Langue C
  1. Langue C
  3. Intercept ELF loader dans le kernel Linux: fichier fs / binfmt_elf.c via un module de kernel chargeable
Intereting Posts
Un moyen portable pour capter les signaux et signaler le problème à l’utilisateur GetVolumeInformation () ne rapporte pas FILE_READ_ONLY_VOLUME pour une carte SD verrouillée sans système de fichiers Que signifie cette déclaration de pointeur de fonction étrange en C? Des boucles FOR avec des iterators de caractères en C sont-elles possibles? Impossible d’exécuter le programme «make»: le système ne trouve pas le fichier spécifié? Comment obtenir la liste de toutes les pages appartenant à un processus (linux) Pourquoi avons-nous besoin de list_for_each_safe () pour supprimer les nœuds de la liste chaînée du kernel? OpenMP – pour l’affectation du fil de boucle Comment développer des programmes C sans IDE sous Windows? Est-ce que le code ci-dessous est faux? Est-ce que le fichier C a une interface orientée object? C sortir de la boucle infinie en appuyant sur la touche C Programme pour déterminer les niveaux et la taille du cache sqrt de math.h provoque l’erreur de l’éditeur de liens «référence indéfinie à sqrt» uniquement lorsque l’argument n’est pas une constante iPhone – Obtenir un pointeur sur les données derrière CGDataProvider?
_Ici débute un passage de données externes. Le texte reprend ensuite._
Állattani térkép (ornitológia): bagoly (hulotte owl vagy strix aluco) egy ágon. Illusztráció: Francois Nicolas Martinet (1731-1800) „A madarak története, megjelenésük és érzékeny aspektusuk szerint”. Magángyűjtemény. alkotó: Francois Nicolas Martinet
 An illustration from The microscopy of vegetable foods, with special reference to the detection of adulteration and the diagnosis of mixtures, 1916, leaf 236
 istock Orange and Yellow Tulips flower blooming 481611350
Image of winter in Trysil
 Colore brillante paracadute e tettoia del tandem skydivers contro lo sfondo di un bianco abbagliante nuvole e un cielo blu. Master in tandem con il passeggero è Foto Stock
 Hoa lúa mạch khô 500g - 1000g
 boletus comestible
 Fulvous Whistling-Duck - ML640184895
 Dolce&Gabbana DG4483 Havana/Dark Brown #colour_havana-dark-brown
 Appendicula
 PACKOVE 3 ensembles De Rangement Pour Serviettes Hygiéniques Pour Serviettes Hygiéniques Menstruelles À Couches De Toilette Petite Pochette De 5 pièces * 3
Intercept ELF loader dans le kernel Linux: fichier fs / binfmt_elf.c via un module de kernel chargeable

Je suis nouveau dans le codage du kernel et je travaille actuellement avec des fichiers ELF qui ont été légèrement modifiés pour des raisons de sécurité; CPU pour décrypter le contenu du ELF modifié.

À l’heure actuelle, la logique ci-dessus a été implémentée dans la fonction fs/binfmt_elf.c fichier fs/binfmt_elf.c de l’arbre source du kernel. Toutefois, il ne s’agit que d’environ 250 lignes de modification de code pour lesquelles je dois recomstackr le kernel. d’improviser cette fonctionnalité en l’implémentant en tant que module de kernel chargeable (LKM) afin que chaque fois qu’un ELF est chargé, il vérifie si c’est le ELF modifié ou non et si c’est le cas, il extrait la clé de la section correspondante.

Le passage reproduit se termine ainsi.